Awards Current Affairs 2017

British-Indian Shankar Balasubramanian knighted for his work on DNA sequencing

An Indian-origin British professor of chemistry and DNA expert at Cambridge University Shankar Balasubramanian received Knighthood from Queen Elizabeth II for their contributions.

He was recognised for his work as a co-inventor of Next Generation DNA sequencing (also known as Solexa sequencing), described as the most transformational advance in biology and medicine for decades.

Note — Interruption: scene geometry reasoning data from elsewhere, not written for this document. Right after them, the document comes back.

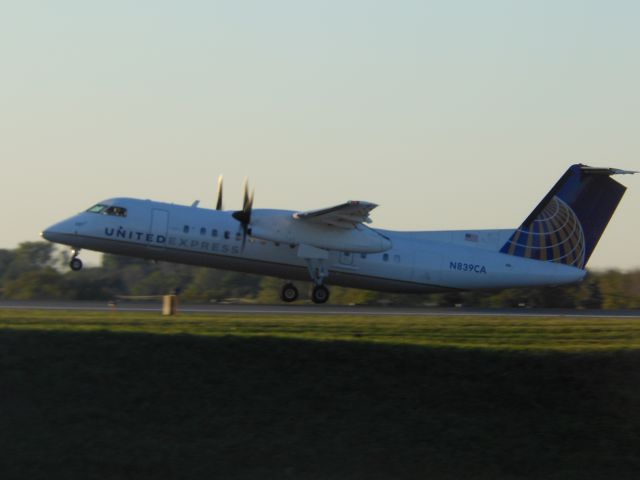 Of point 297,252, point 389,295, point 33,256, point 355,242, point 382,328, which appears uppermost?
point 33,256

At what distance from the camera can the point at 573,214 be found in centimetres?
2972

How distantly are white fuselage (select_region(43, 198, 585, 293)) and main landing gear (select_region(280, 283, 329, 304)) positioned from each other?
1.58 feet

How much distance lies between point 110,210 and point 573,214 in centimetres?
1436

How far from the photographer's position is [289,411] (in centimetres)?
1362

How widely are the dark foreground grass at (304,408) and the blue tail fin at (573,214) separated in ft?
46.9

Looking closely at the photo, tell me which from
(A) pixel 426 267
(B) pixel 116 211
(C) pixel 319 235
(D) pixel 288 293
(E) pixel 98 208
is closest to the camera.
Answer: (B) pixel 116 211

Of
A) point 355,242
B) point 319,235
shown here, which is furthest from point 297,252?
point 355,242

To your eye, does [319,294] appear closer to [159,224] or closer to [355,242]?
[355,242]

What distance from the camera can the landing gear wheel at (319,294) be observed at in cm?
2761

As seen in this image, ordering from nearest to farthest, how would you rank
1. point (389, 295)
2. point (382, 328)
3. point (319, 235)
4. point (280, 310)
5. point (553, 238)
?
point (382, 328)
point (280, 310)
point (319, 235)
point (553, 238)
point (389, 295)

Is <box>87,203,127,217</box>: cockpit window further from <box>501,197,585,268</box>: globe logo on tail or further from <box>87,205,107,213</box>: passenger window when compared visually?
<box>501,197,585,268</box>: globe logo on tail

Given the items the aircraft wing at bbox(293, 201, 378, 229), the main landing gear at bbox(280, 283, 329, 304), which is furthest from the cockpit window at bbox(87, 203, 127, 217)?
the main landing gear at bbox(280, 283, 329, 304)

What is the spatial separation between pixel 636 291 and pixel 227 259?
18.1 m

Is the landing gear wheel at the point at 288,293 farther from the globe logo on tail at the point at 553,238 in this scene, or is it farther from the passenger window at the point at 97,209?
the globe logo on tail at the point at 553,238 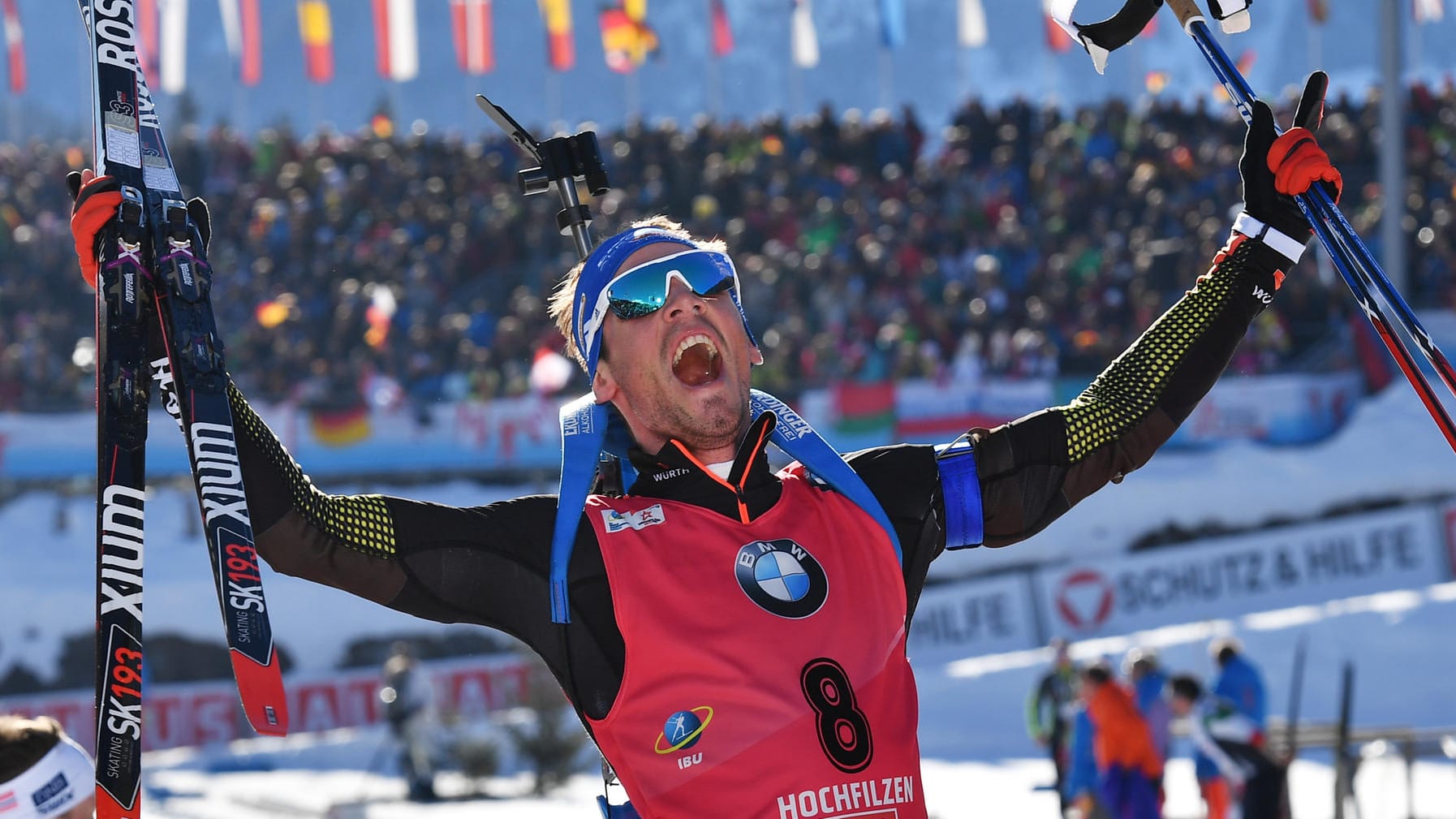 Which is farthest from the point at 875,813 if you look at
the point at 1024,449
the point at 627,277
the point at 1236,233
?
the point at 1236,233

About Shankar Balasubramanian

  • Born on 30 September 1966 in Chennai, Tamil Nadu. He had received PhD for research on the Reaction mechanism of the enzyme Chorismate synthase from University of Cambridge
  • He is recognised for his contributions in the field of nucleic acids. He is scientific founder of Solexa and Cambridge Epigenetix.
  • At present, he is Herchel Smith Professorof Medicinal Chemistry in the Department of Chemistry the University of Cambridge.
  • More recently, he has made major contributions to understanding the role of DNA-quadruplexes in cancer and invented a method for the sequencing of epigenetic modifications.
About Knighthood

It is one of the highest honours bestowed upon an individual in the UK and it doesn’t carry any military obligations to the sovereign. Persons receiving it are entitled with title ‘Sir’ before their name. The knighthoods are conferred by the Queen or a member of the Royal Family acting on her behalf in Britain. Queen usually presents insignia at the ceremony.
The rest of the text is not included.